Southampton in the 19th century
Henry and Ann Coward were in charge of the Baths and Long Rooms in Southampton.  The Long Rooms were apparently quite the place to be seen in Regency Southampton, and there were some charming rules that had to be followed: Gentlemen had to leave their swords at the door, no boots are to be worn on Tuesday, Thursday or Saturday evenings, and dancing in coloured gloves is strictly prohibited! Sensible stuff, I'm sure you will agree.  When Henry moved to Southampton, he brought with him the only child from his first marriage, Mary Ann.

Meanwhile, Ann Evamy Coward's sister Mary had done even better for herself.  Keep up as it gets a bit tangle-y here: Mary Evamy married a very respectable Southampton draper, Enoch Hodgkinson, and they had a daughter who only lived a matter of days, but then two sons, Clement, an engineer who worked all over the world and had a 40 year celebrated career in surveying and engineering, and Henry, a rather less exciting Chemist, who set up his own business in Kensington.  Much like Henry Coward, Mary Evamy married twice and after Enoch died in 1820 (a month before his last son was born), Mary did the thing young, somewhat wealthy widows are apt to do - she married a musician from Jersey...

John William Millais (in fancy dress) (1870)
Mary and her new husband, John William Millais set up home in a brand new development, Portland Street in Southampton, which had been created by Mary and Ann's father, Richard Evamy.  Mary and John Millais had five children, two of whom died in infancy and so the couple lived with the three surviving children and her two sons from her first marriage.  By all accounts all the step siblings were close, and Henry, the Chemist got on very well with the baby of the family, John Everett Millais...

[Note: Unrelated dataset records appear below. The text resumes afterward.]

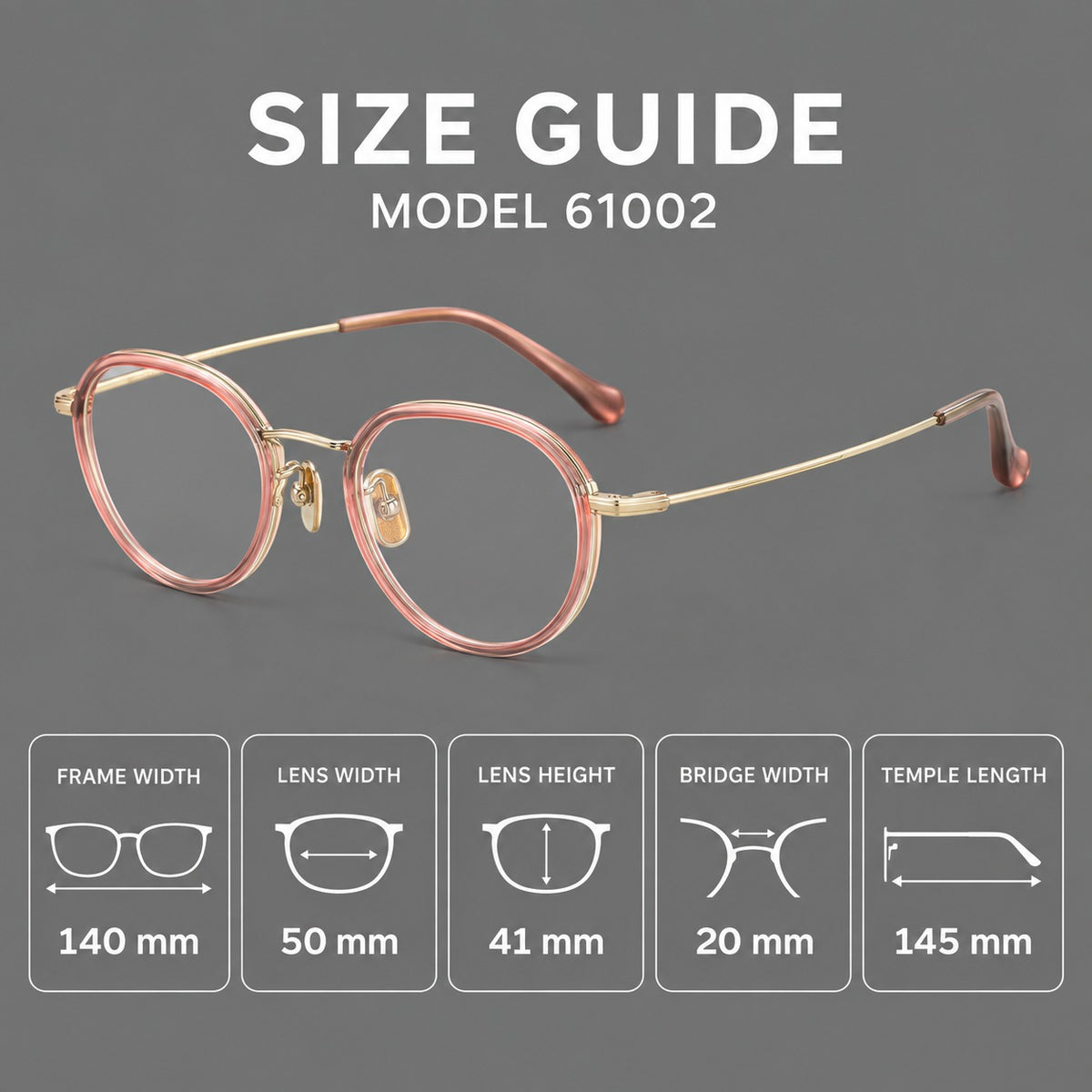 Rounded eyeglasses in acetate and titanium with gently arched brows and engraved metal temples, size guide in millimetres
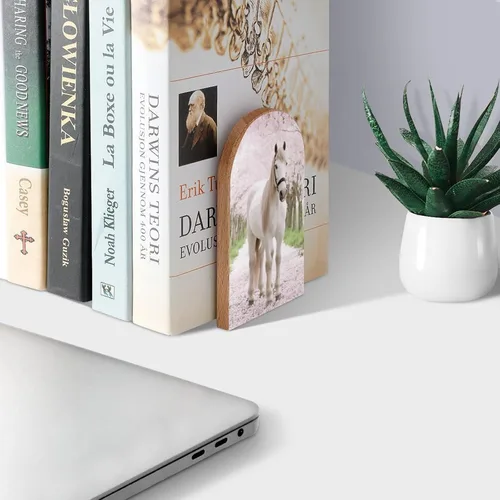 Vista 3 de Sujetalibros decorativos de madera para estantes, habitación de los niños, escritorio, oficina en casa, tapones de libros para revistas, libros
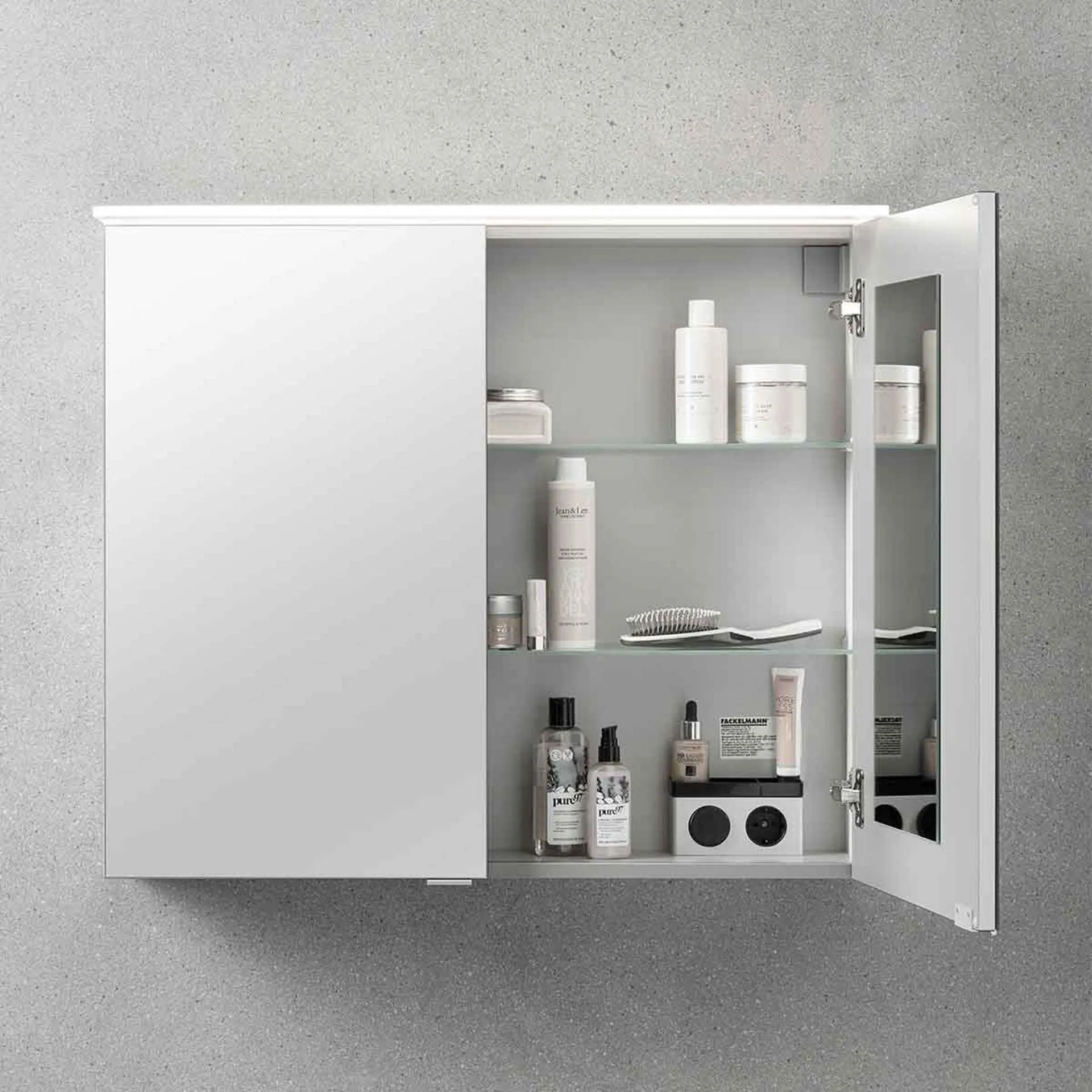 FACKELMANN B.PERFEKT Badmöbel Set 4-teilig 82 cm breit, Braun hell, Waschbecken Keramik Weiß + LED Spiegelschrank + Hochschrank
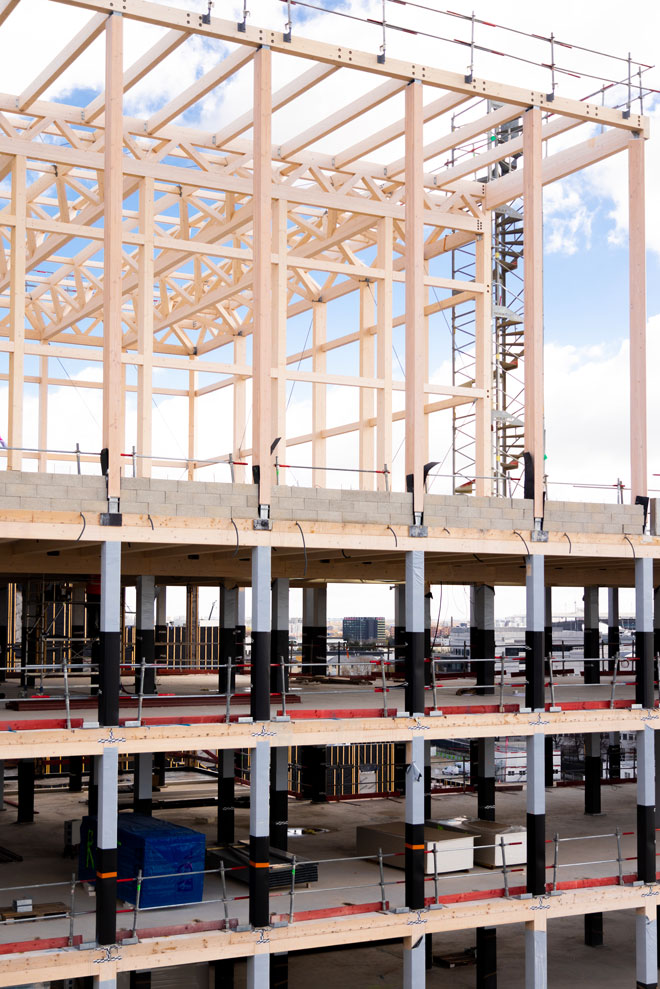 Vue du chantier de construction bas-carbone du village des athlètes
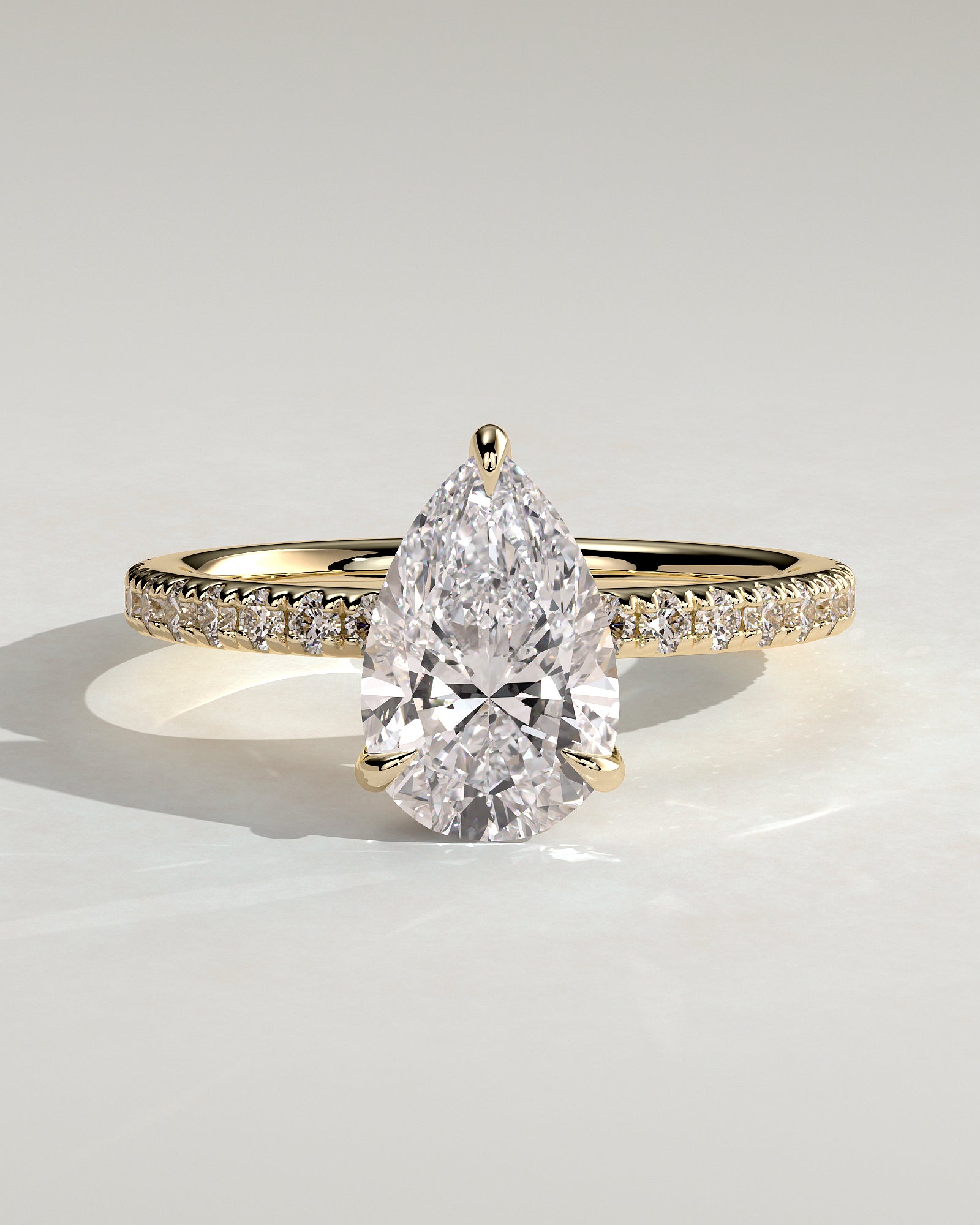 2.0CT Pear Lab Grown Diamond Hidden Halo Pave Engagement Ring
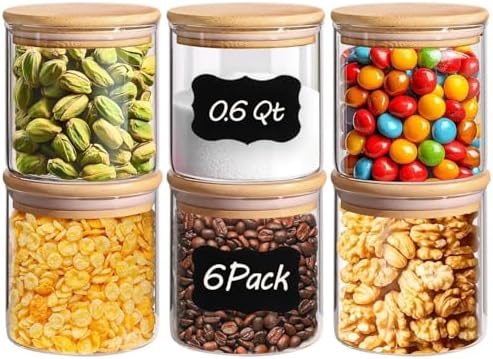 ComSaf Glass Storage Containers with Lids 0.6 Qt, 6 Pack Small Glass Jars by ComSaf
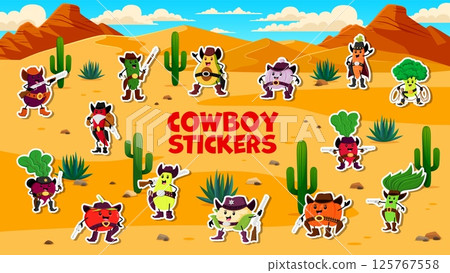 Cartoon cowboy, bandit and sheriff vegetable characters stickers, vector Wild West pack. Western Stickers of cartoon carrot cowboy in Arizona desert with cauliflower sheriff and cucumber bandit ranger 125767558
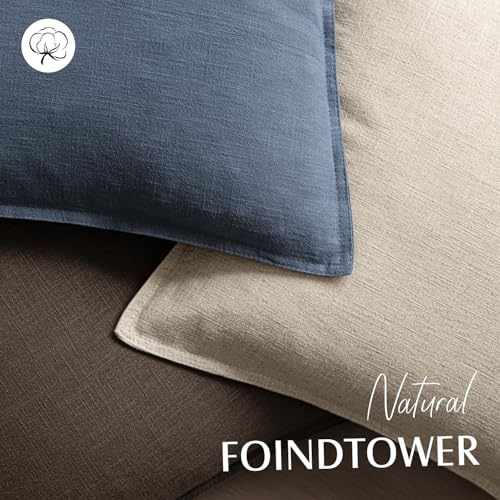 Foindtower Pack of 2, Decorative Linen Solid Throw Pillow Covers Soft Accent Euro Cushion Case Farmhouse Neutral Pillowcase for Chair Couch Sofa Bedroom Living Room Home Decor 16 x 16 Inch Dark Blue - color: Blue Ashes, size: 16" x 16" (Pack of 2)
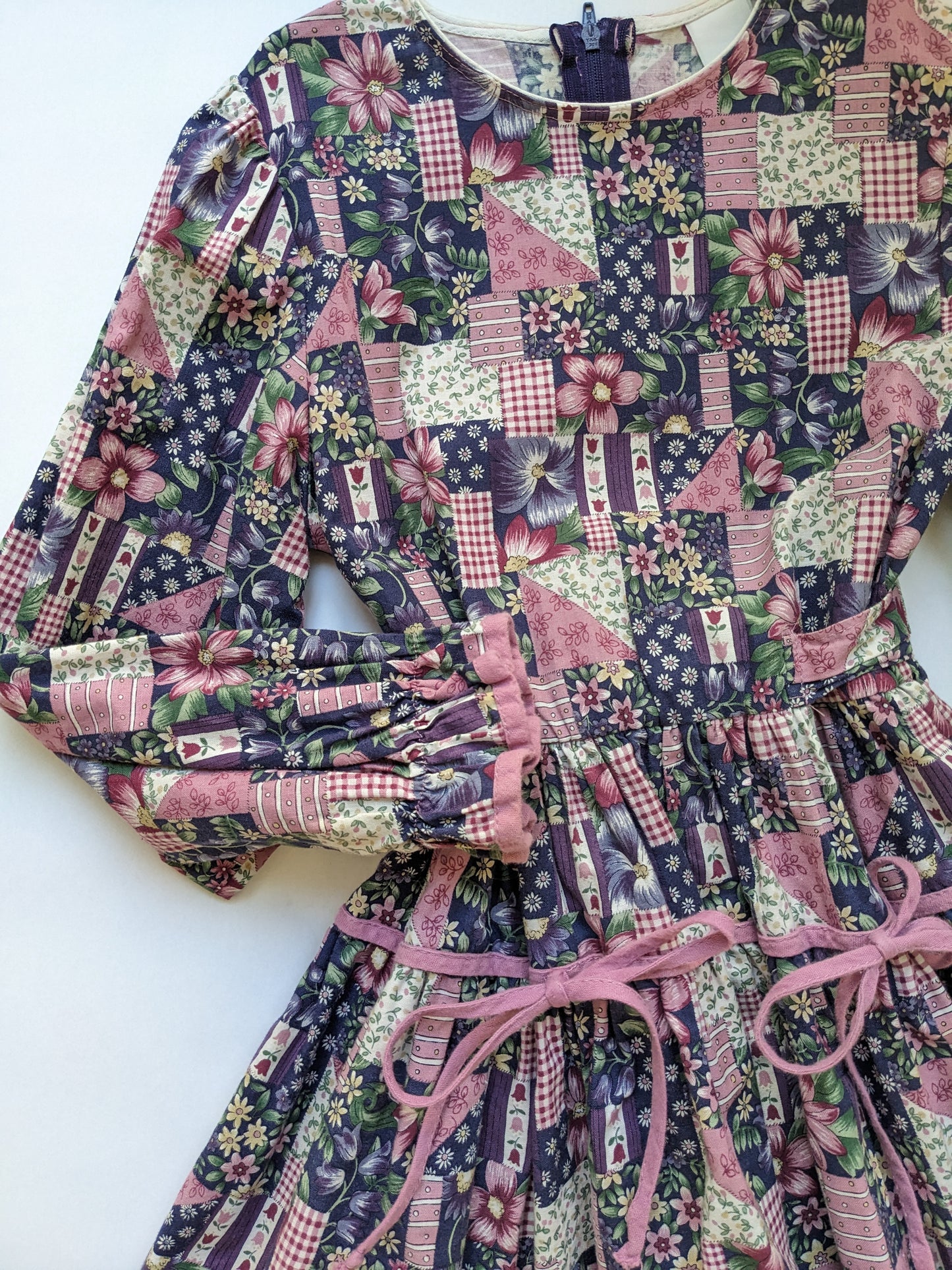 Patchwork print wide skirted dress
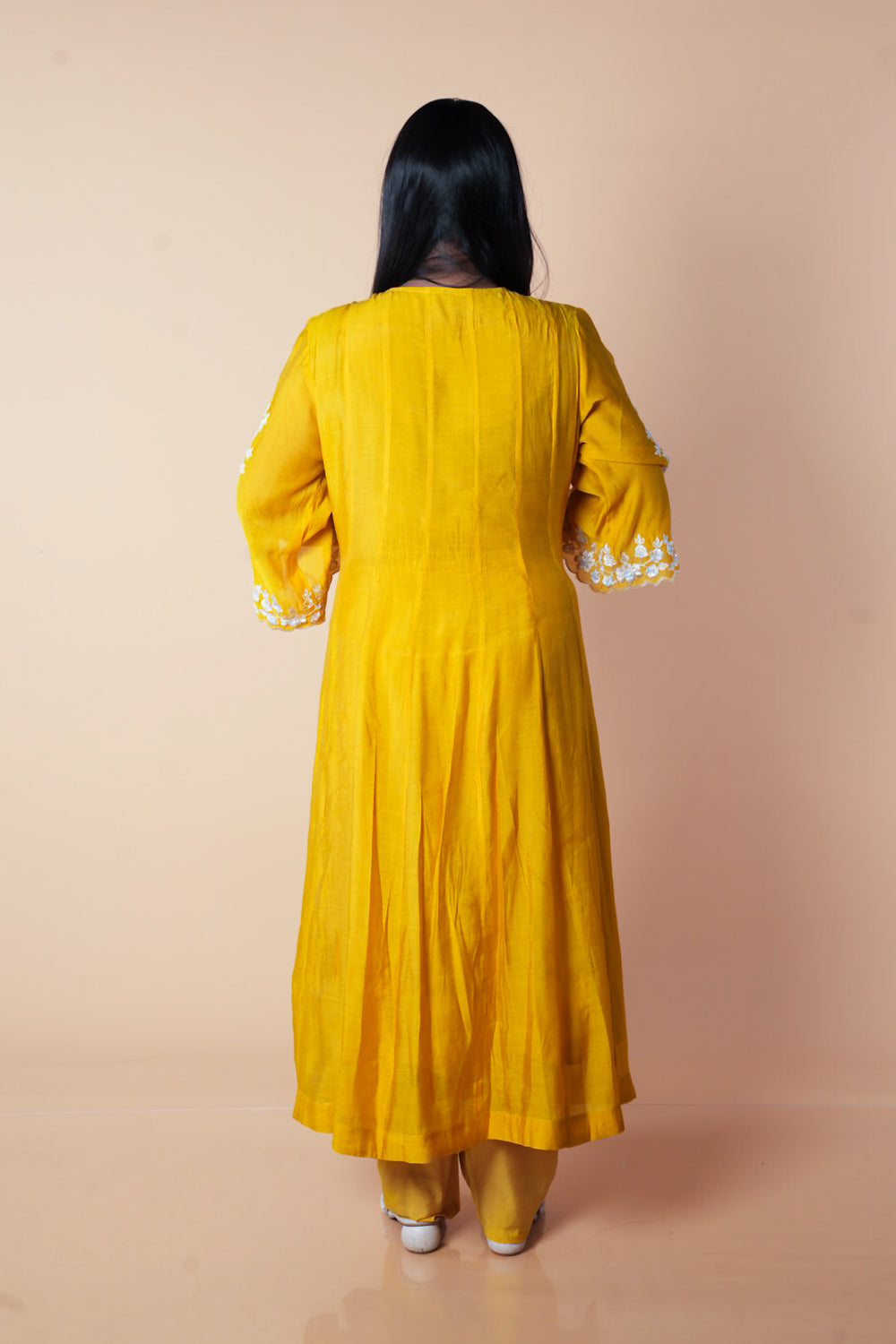 Sunflower Yellow Mulchanderi Designer suit set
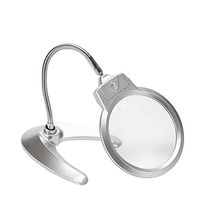 Loupe Reading Magnifier, Multifunction with Rotating Arm Dual Lens 2X 6X Magnifier with LED Lights Elderly Reading Repair Desktop Reading Magnifying Glass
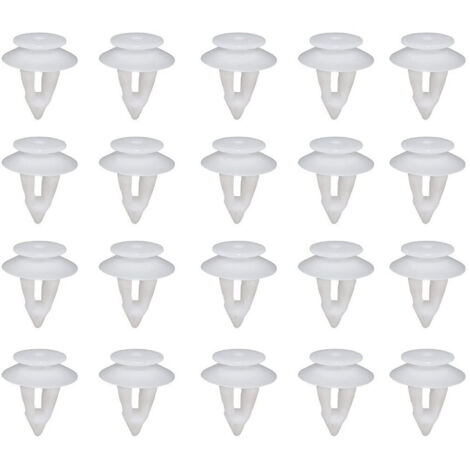 Trade Shop - Kit 40pz Clip Di Fissaggio Pannello Automatico Rivetti Plastica Ganci Auto Bianco - (1/5)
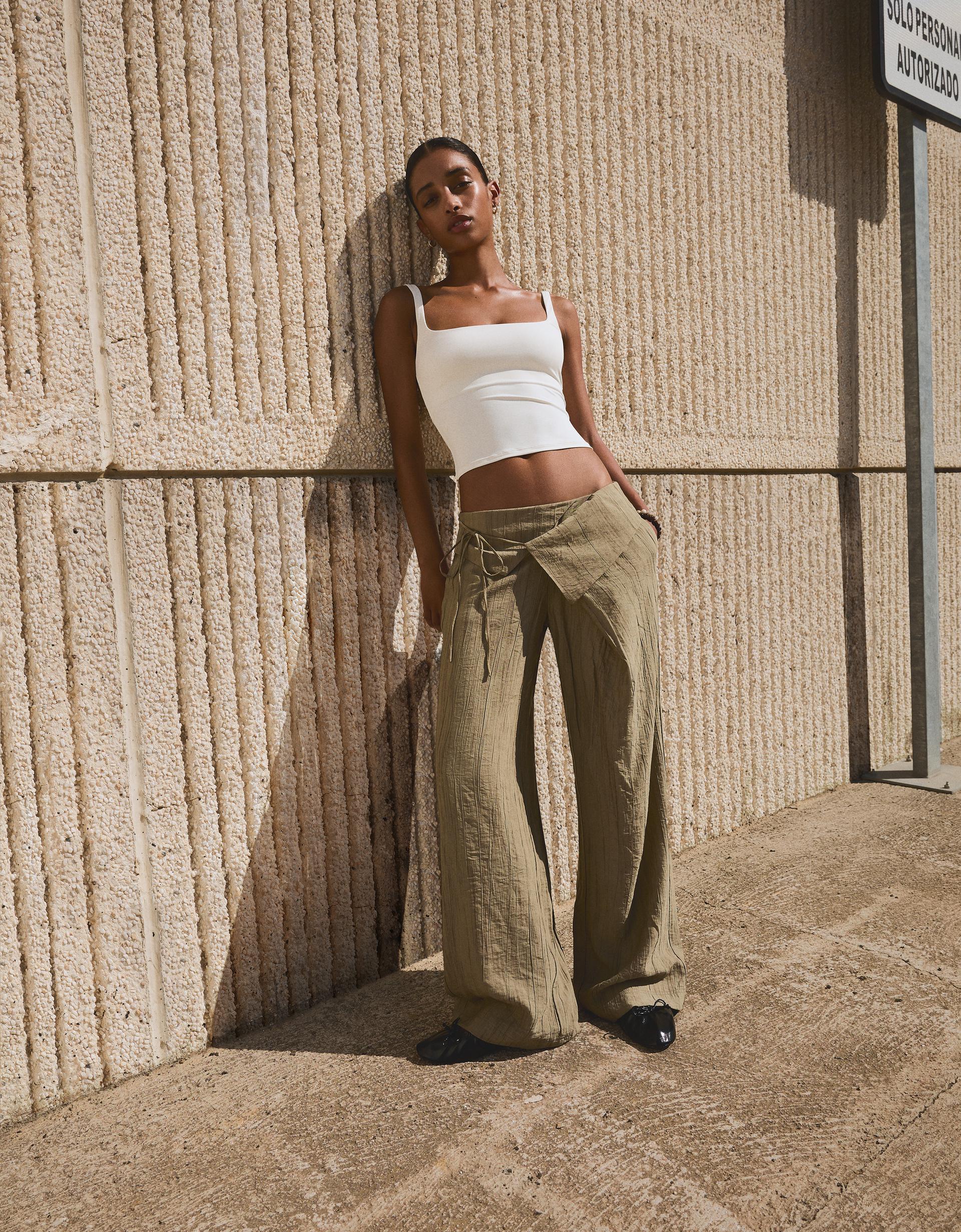 Textured pants with fold-over waist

Self Portrait (1847) John Everett Millais
Now we're getting somewhere!  Righty-ho, so Henry the Chemist married his sort-of-step-cousin, Mary Ann Coward, which must have been a bit awkward at family Christmases until everyone worked out they weren't blood relatives, so it's all fine.  As we all know, when the Pre-Raphaelite Brotherhood started painting they used friends and family as their models and Millais wasn't any different.  As you can see at the beginning of this post, Millais drew his step-brother's fiancee just before their marriage and when he was looking for models for the modest Isabella, he didn't have to look very far...

Isabella (1849)
There, on the right of the picture, being handed a deeply symbolic orange (the best sort of orange) is Millais' step-cousin-sister-in-law, Mary.  By the way, that's what the average family dinner in Southampton looks like, in case you were wondering.

Detail of the sketch of Isabella
It also struck me that Millais made Isabelle a very quiet figure, filled with small gestures of empathy and kindness, as opposed to her chair-swinging, nut-cracking mentalist of a brother, opposite her. Both Isabella and her brother are doing the same things - they are both having contact with the dog and eating, and the brother's haphazard violence (I don't like the chances of the dog under his chair) and excessive movement are the opposite of her self-contained gentleness.  It's interesting to see the changes in the figure of Isabella from the sketch to the oil painting - instead of two thin plaits, Millais has given her one, bound rope of hair which gives an impression of how restrained and contained the girl is but also speaks of strength.  She might be gentle but she is indeed strong.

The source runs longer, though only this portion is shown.